The Wampanoag Indians in attendance played a key role but historians have recorded harvest ceremonies of thanks among other groups of European settlers in North America, including the British colonists in Virginia as early as 1619.

There are several places in the United States that have the same names as either the holiday’s traditional feast or the early colonists’ arrival to the New World.

How many colonists were there? The estimated population in 1620 was 2,499 according to this table on page 25 of “Historical Statistics of the United States,” published in 1949 by the Census Bureau.

The legacy of thanks and the feast have survived centuries since the event became a national holiday on Oct. 3, 1863, when President Abraham Lincoln proclaimed the last Thursday of November as a national day of thanksgiving.

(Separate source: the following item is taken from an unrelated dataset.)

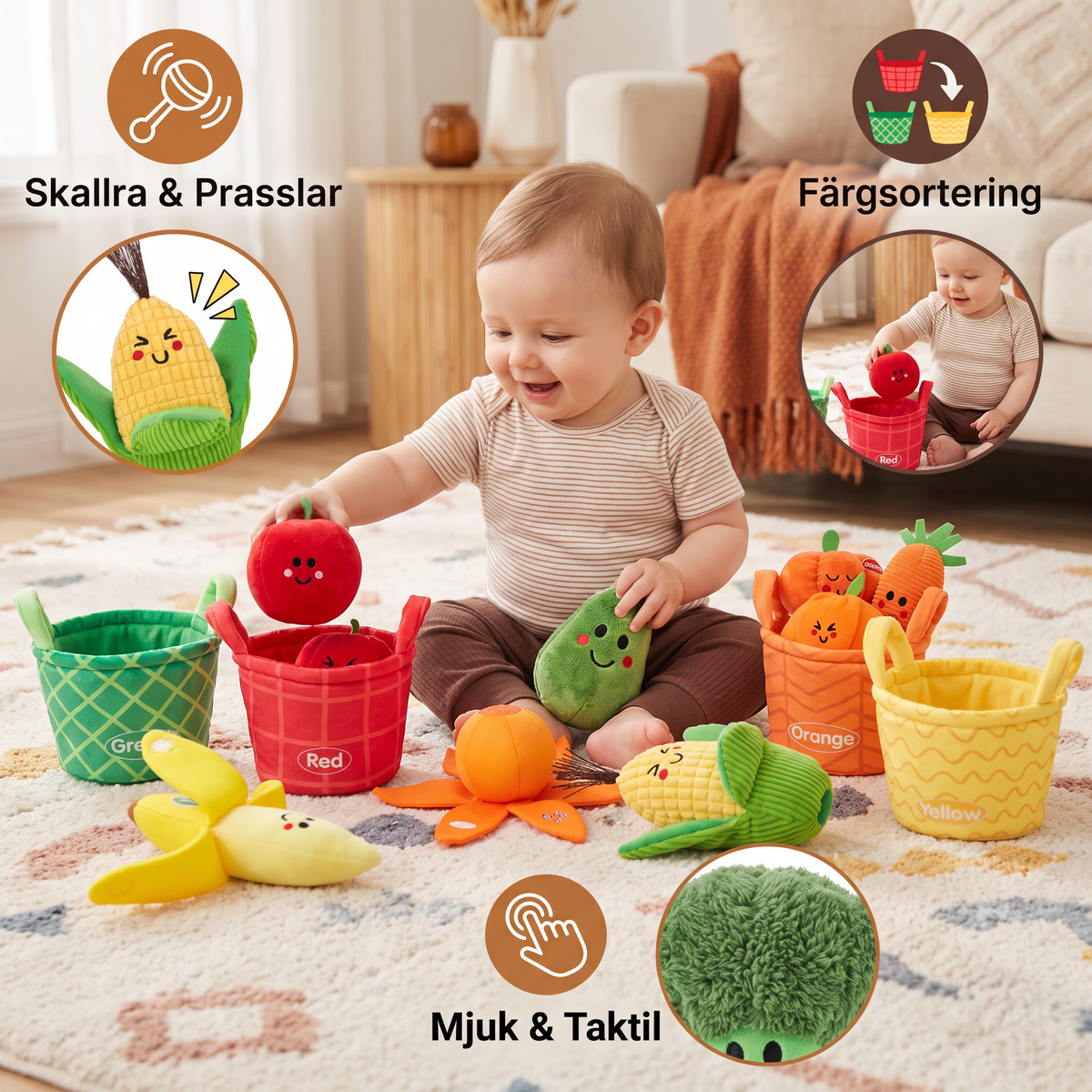 Mjuk Frukt- och Grönsaksleksak för Bebisar – 4-pack Färgsorteringsset med Skallra och Prasseleffekt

Decades later, President Franklin Roosevelt officially declared that Thanksgiving should always be celebrated on the fourth Thursday of the month to encourage earlier holiday shopping.

Fun Facts

There are several places in the United States that have the same names as  either the holiday’s traditional feast or the early colonists’ arrival to the New World.

Seven share the name of the centerpiece of most Thanksgiving meals — the turkey — and have tiny populations:

  • Turkey city, Texas, (pop. 339)
  • Turkey Creek Census Designated Place (CDP), Ariz., (489)
  • Turkey Creek township, Stone County, Ark., (316)
  • Turkey Creek township, McPherson County, Kan., (343)
  • Turkey Creek village, La., (424)
  • Turkey town, N.C., (242)
  • Turkey Valley township, Yankton County, S.D., (167)

Five places are named after the popular Thanksgiving side dish of cranberries:

  • Cranberry Lake CDP, N.Y., (157)
  • Cranberry township, Alleghany County, N.C., (155)
  • Cranberry township, Avery County, N.C., (534)
  • Cranberry township, Butler County, Pa., (30,132)
  • Cranberry township, Venango County, Pa., (6,465)

Three are named after the Mayflower, the English ship that brought the first Pilgrims to the New World:

  • Mayflower Census County Division (CCD), Pike County, Ky., (3,191)
  • Mayflower, city, Ark.,  (2,218)
  • Mayflower Village CDP, Calif., (5,828)

Two counties have Plymouth in their names as in Plymouth Rock, the landing site of the first Pilgrims:

  • Plymouth County, Iowa, (25,027)
  • Plymouth County, Mass., (509,114)

Two places are named Pilgrim:

  • Pilgrim CDP, Mich., (52)
  • Pilgrim township, Dade County, Mo., (79)

Thanksgiving is a good time to reflect on how our founders enshrined in the U.S. Constitution the importance of statistics as a vital tool for measuring our people, places and economy.

Many facts come from Census Bureau surveys.

  • There were 122.7 million occupied housing units across the nation in the third quarter of 2019. Alas, no statistics on how many will host family gatherings and Thanksgiving feasts.
  • Multigenerational households, those with three or more generations, numbered 4.6 million in 2018. The highest concentration is in California.

  • Just 53 pilgrims celebrated the fall harvest, an English tradition, in the New World in 1621. In 2018, some 22.8 million people in the U.S. reported English ancestry. The number in Massachusetts was 607,612.
  • The first Thanksgiving included 90 Wampanoag Indians. The 2010 Census counted 6,500 members of the Wampanoag American Indian tribal grouping.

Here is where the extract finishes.